In the present case, we hold that under the totality of the circumstances, the State carried its burden of proving that Stankus voluntarily consented to the search. The stop was legally valid and not unreasonably long-only five to ten minutes elapsed from the time Stankus was stopped to the time he was asked for consent to search the car. Moreover, we are not convinced that the chief's action of approaching the passenger side of the car just prior to the sergeant asking for permission to search created a coercive atmosphere, thereby poisoning Stankus' consent. Neither officer had his weapon drawn. They did not make any promises or threats or use deception in order to gain Stankus' consent. Nor did they raise their voices. Unlike the driver in George, Stankus was not the subject of repeated intimidating questioning by the officers. The sergeant asked Stankus two simple questions: Whether "he had any guns, drugs, or anything illegal in the vehicle," and if he "could go ahead and take a look through the vehicle." Nothing in the record indicates that the tone or phrasing of the officer's questions conveyed a message that compliance with the request was mandatory. Importantly, unlike George, Stankus' consent to the sergeant's request cannot be characterized as equivocal. His unequivocal reply to the officer's query was, "Sure. Go ahead."

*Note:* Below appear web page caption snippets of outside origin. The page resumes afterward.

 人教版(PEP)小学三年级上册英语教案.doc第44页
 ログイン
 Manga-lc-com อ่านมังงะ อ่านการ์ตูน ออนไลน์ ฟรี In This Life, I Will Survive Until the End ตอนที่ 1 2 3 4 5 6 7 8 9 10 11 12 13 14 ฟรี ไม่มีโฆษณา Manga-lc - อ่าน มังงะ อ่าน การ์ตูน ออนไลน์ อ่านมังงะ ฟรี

Stankus, however, refers us to the sergeant's testimony that the only reason he asked the chief to get out of the car was because he planned to ask for consent. Further, he highlights the sergeant's statement that in his experience no one had ever refused consent when both he and the chief approached a vehicle. In Stankus' view, this demonstrates how the police tactic of having two officers approach a car to ask for permission to search places drivers in a situation where they are pressured to consent. Otherwise, he theorizes, why would it be infallible? The repeated decisions by drivers to consent to a search under these conditions, concludes Stankus, can only be explained by the assumption that they believed they had a legal duty to do so and that the village police intended for this mindset to occur.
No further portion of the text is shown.